God is Sovereign Part Two

Webster’s New International Dictionary defines the adjective sovereign as follows: “Supreme or highest in power; superior in position to all others,” and “Independent of, and unlimited by, any other; possessing, or entitled to, original and independent authority or jurisdiction.”

King Nebuchadnezzar of Babylon called Jehovah “the Most High God” and declared, “There is no other God that can deliver after this sort” (Dan. 3:26, 29). Such exaltation indicates that Jehovah is “supreme or highest in power; superior in position to all others.”

God Himself declared, “Before me there was no God formed, neither shall there be after me” (Isa. 43:10). “I am the first, and I am the last, and beside me there is no God” (Isa. 44:6). Jehovah is “independent of, and unlimited by” other gods and possesses and is “entitled to, original and independent authority or jurisdiction.”

Thus the God of the Bible is sovereign. Additional biblical revelation supports and reinforces that conclusion.

Assertions of Sovereignty
Assertions by God. Jehovah asserts that He is sovereign. In Isaiah 14:24, 26–27 He declares,

The LORD of hosts hath sworn, saying, Surely as I have thought, so shall it come to pass; and as I have purposed, so shall it stand: . . . This is the purpose that is purposed upon the whole earth, and this is the hand that is stretched out upon all the nations. For the LORD of hosts hath purposed, and who shall annul it? And his hand is stretched out, and who shall turn it back?

In Isaiah 43:12–13 He states, “Ye are my witnesses, saith the LORD, that I am God. Yea, before the day was, I am he; and there is none that can deliver out of my hand; I will work, and who shall hinder it?”

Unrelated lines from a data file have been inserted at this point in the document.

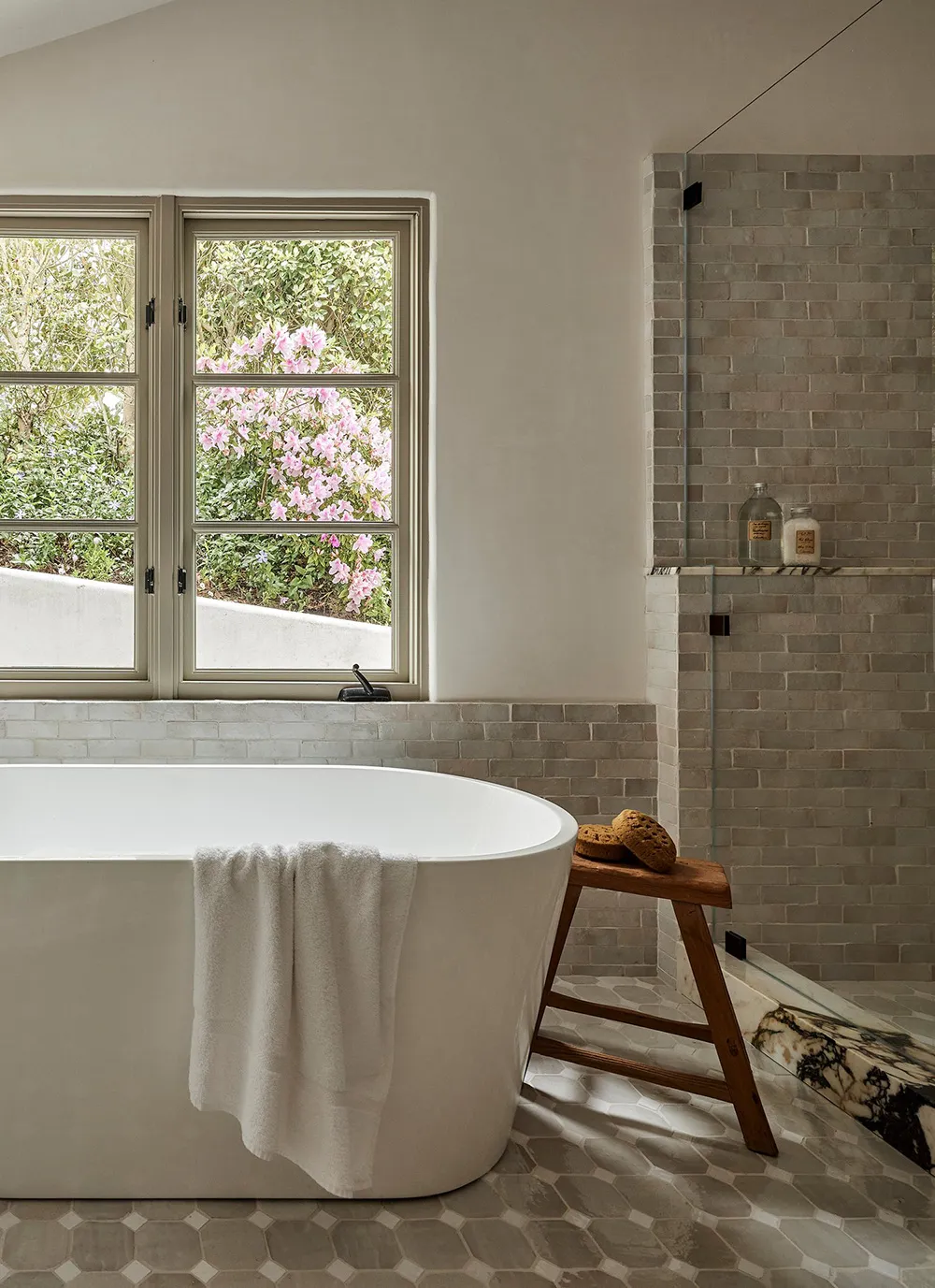 Расслабленная калифорнийская элегантность в дизайне виллы в испанском стиле - Gallery image 15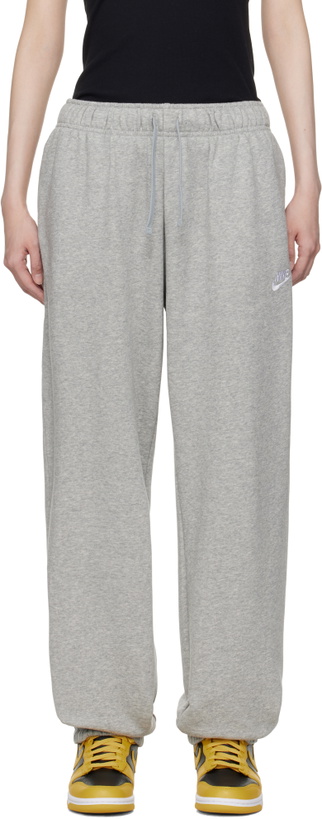 Photo: Nike Gray Mid-Rise Oversized Sweatpants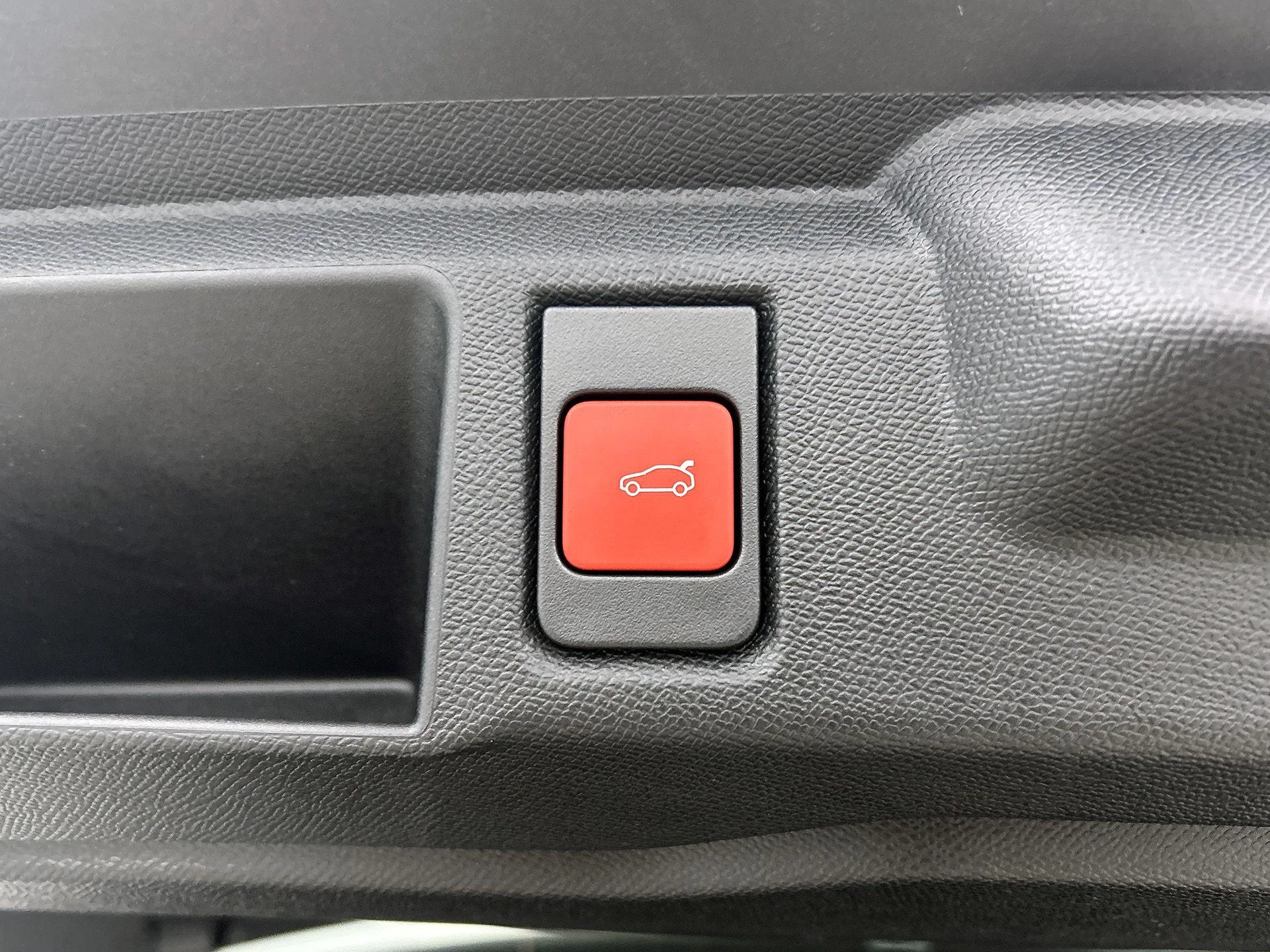 Opel-Grandland-image-23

In Isaiah 46:9–11 He asserts,

I am God, and there is none else; I am God, and there is none like me, Declaring the end from the beginning, and from ancient times the things that are not yet done, saying, My counsel shall stand, and I will do all my pleasure; Calling a ravenous bird from the east, the man that executeth my counsel from a far country; yea, I have spoken it, I will also bring it to pass; I have purposed it, I will also do it.

God also declares, “So shall my word be that goeth forth out of my mouth; it shall not return unto me void, but it shall accomplish that which I please, and it shall prosper in the thing whereto I sent it” (Isa. 55:11).

Assertions by Others.The Bible records angelic and human assertions of God’s sovereignty.

Job said the following concerning God: “He breaketh down, and it cannot be built again; he shutteth up a man, and there can be no opening” (Job 12:14). Also, “He is of one mind, and who can turn him? And what his soul desireth, even that he doeth” (Job 23:13).

King Jehoshaphat of Judah exclaimed,

O LORD God of our fathers, art not thou God in heaven? And rulest not thou over all the kingdoms of the nations? And in thine hand is there not power and might, so that none is able to withstand thee? (2 Chr. 20:6).

An angel stated, “The Most High ruleth in the kingdom of men, and giveth it to whomsoever he will, and setteth up over it the basest of men” (Dan. 4:17).

King Nebuchadnezzar of Babylon declared,

I blessed the Most High, and I praised and honored him who liveth forever, whose dominion is an everlasting dominion, and his kingdom is from generation to generation. And all the inhabitants of the earth are reputed as nothing; and he doeth according to his will in the army of heaven, and among the inhabitants of the earth, and none can stay his hand, or say unto him, What doest thou? (Dan. 4:34–35).

Spheres of God’s Sovereignty
The Bible reveals various spheres over which God has sovereign rule.

The Universe. God’s significant relationships with the universe indicate He is sovereign over it.

The fact that God created the universe signifies He is its sovereign.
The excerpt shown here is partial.